* _Provided data_:
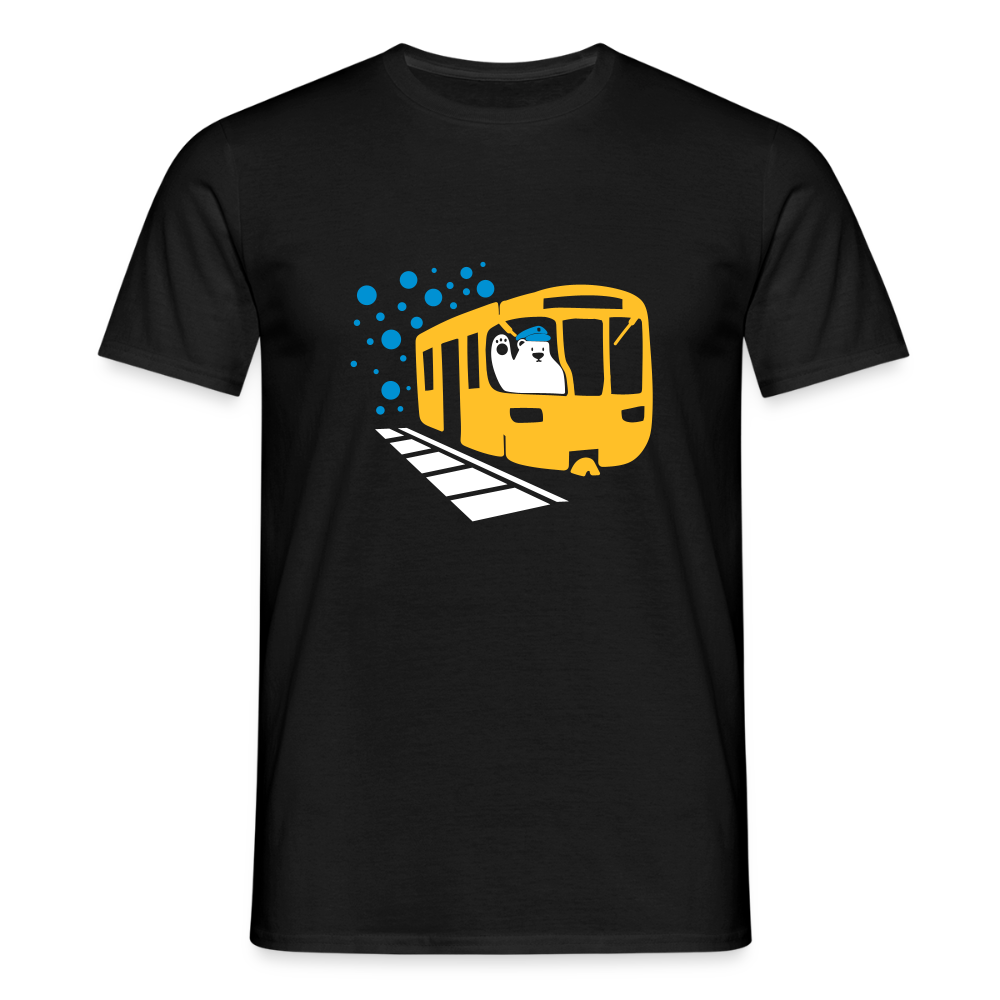 Bär in U-Bahn Kommt - Männer Premium T-Shirt - Schwarz
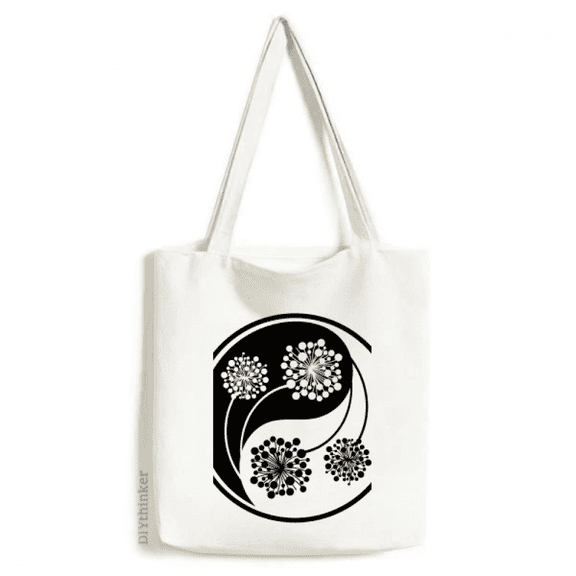 Culture Yin-yang Flower Design Tote Canvas Bag Shopping Satchel Casual Handbag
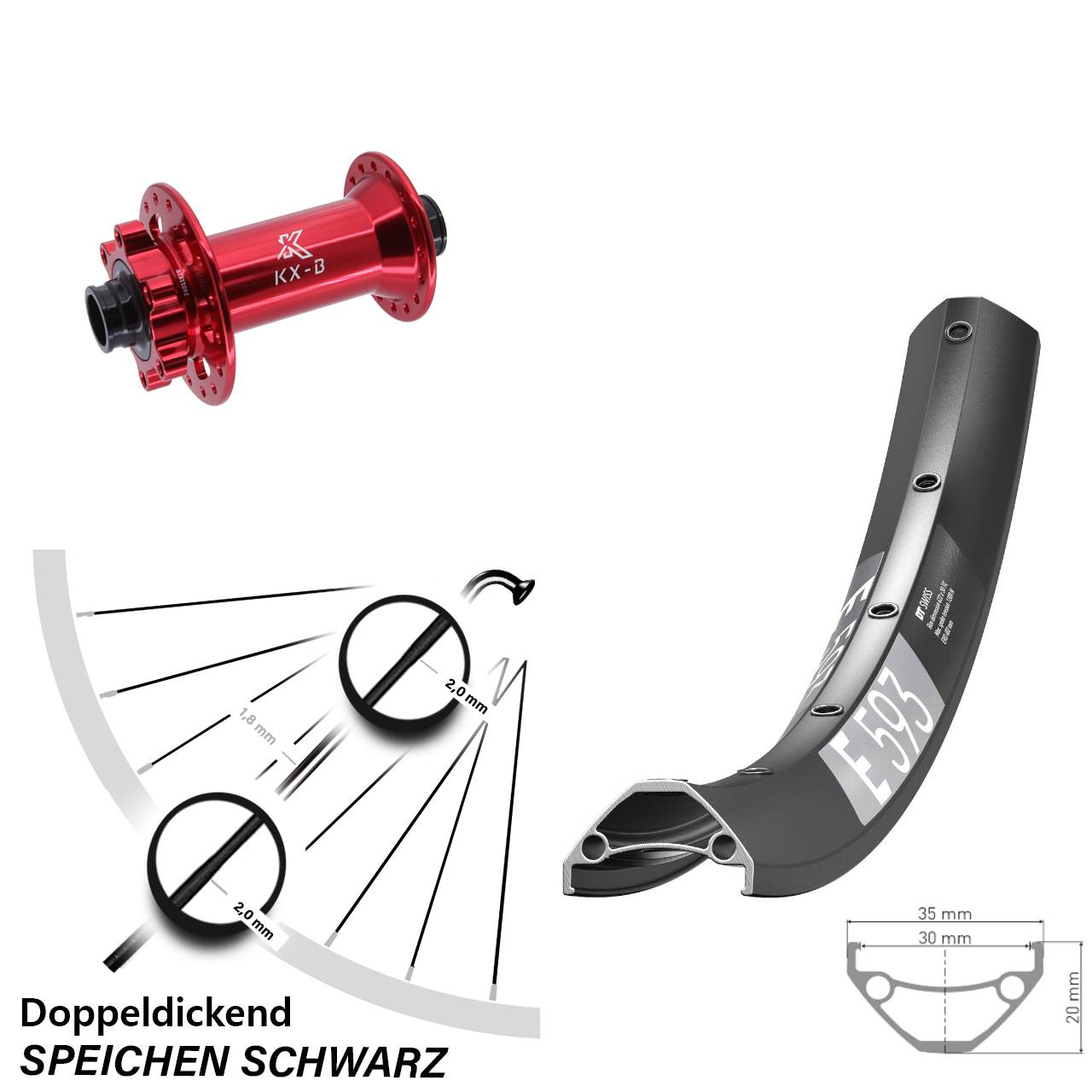 Boost 6-Loch Vorderrad 15x110 29 Zoll DT Swiss E593 KX-B rot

* _Problem details_: Leave out the pictures and repeat the remaining data exactly.

* _Response to this task_:
 Bär in U-Bahn Kommt - Männer Premium T-Shirt - Schwarz
 Culture Yin-yang Flower Design Tote Canvas Bag Shopping Satchel Casual Handbag
 Boost 6-Loch Vorderrad 15x110 29 Zoll DT Swiss E593 KX-B rot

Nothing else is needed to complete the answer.